Онегин – атеист, но атеист затосковавший; атеист, находящийся в глубоком кризисе, почувствовавший, что атеизмом жить нельзя. И, наконец, атеизм свой исчерпавший и поклонившийся тому, что раньше отрицал. Атеист, более всего на свете ценивший свою свободу, стал рабом любви… Что ему с этой любовью делать? Спасение это или гибель? Сердце его уже не пусто. Оно наполнено. Переполнено. И это невыносимо больно. Так что же – просить, чтобы его избавили от страданий или… суметь это страдание вынести?
Пушкин оставляет героя своего «в минуту злую для него», как бы прервав на полуфразе роман – все тем же открытым вопросом, его любимым приемом. Вопрос закроется только после великой духовной работы в душе читателя, той самой работы, которая должна была бы произойти в душе Онегина…
Глава 5
Трое в одном лице
А в самом Пушкине произошла эта работа? А он, умевший так благоговейно любить свою Музу, он дорос до преображения? Или он все еще игралище страстей? И душа его то полна, то пуста и вкушает хладный сон; то исполнена восторга и любви, то живет без божества, без вдохновенья? Прилив, отлив. Одна волна сменяет другую. Да полно, неужели в жизни нет никакого духовного закона, который душа должна постичь, неужели нет внутреннего господина в человеке? «Кто место в небе ей и укажет / Примолвя: там остановись! / Кто сердцу юной девы скажет: / Люби одно, не изменись!» («Цыганы») Действительно, кто? Извне – никто не имеет права это сказать… Ну, а внутри, внутри? Тоже нет никакого стержня? Того, что глубже и значительнее набегающих и отступающих волн? Вот Того, Чей глас воззвал к пророку, лежавшему, как труп, в пустыне? Вот Того, Кому поют волны свой хвалебный гимн, – тайного автора всей этой спасающей душу красоты?
Если нет внутреннего закона и внутреннего господина, остаются одни стихии, которые разрывают душу на части. И есть Пушкин-язычник, служитель стихий. И только. «И всюду страсти роковые, / И от судеб защиты нет».

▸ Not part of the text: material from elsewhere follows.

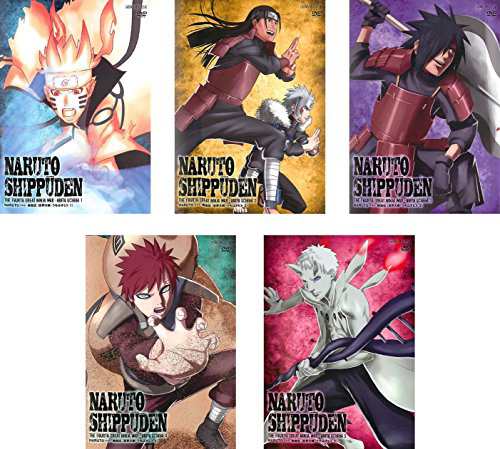 Naruto ナルト 疾風伝 忍界大戦 うちはオビト レンタル落ち 全5巻セット 中古品 の通販はau Pay マーケット Maggy Maggy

Я думаю, что с этого начинался Пушкин, но от этого он уходил все дальше и дальше. Да, начинался Пушкин действительно с язычника, всегда влюбленного, искрометно-шутливого, обаятельно-грешного, а подчас и кощунственного. Молодой Пушкин был вполне в рост окружению, восторженно принимавшему его. Конфликт с публикой начался, когда Пушкин стал вырастать, когда действительно понял, что «любви, надежды, тихой славы недолго нежил нас обман» («К Чаадаеву»), что идеалы времени – лишь короткий миг, ступень роста души – мгновение. И что мгновение это проходит. И – либо надо пройти, исчезнуть вместе с ним, стать прахом, либо двигаться дальше к иному, к Вечности, искать непреходящую твердь, не рассыпающуюся в прах. Пушкин, в отличие от Онегина, – поэт. Но и «не поэт» – Онегин – жил в Пушкине. И «какой-то мрачный гений» «на мир насмешливо глядел» и давал чувствовать поэту, что его волшебный мир ограничен, что за ним, за краем его, может открыться пустота.
Поэтический мир Ленского не выдерживает холодного онегинского взгляда. Он сжимается под этим взглядом, умаляется, выцветает… А может быть, начинает видеться в свою истинную величину, какой он есть без романтической дымки, без юношеского задора, без очарования возраста… Он мелок, этот поэтический мир, и Онегин заставляет увидеть это. Ленскому рядом с Онегиным не ужиться. Он убьет его, если не пулей, то своей иронией. Если же они – поэт и Онегин – встречаются в одной душе, завязывается борьба не на жизнь, а на смерть. И либо поэт погибнет, либо вырастет, станет недосягаемым для убийственных стрел иронии и, наконец, заставит самого Онегина стать поэтом. К чему и приводит Пушкин своего героя в конце романа. Приводит – и оставляет «в минуту злую для него…». Эта минута была минутой выбора, но уже не между поэтом и не поэтом (тот выбор уже сделан), а между поэтами – языческим и христианским.
(Я пользуюсь терминами, которые всегда условны. Но они емки. И я хочу пояснить, что в них вкладываю. Речь идет о способе чувствовать мир, о мере наполнения сердца).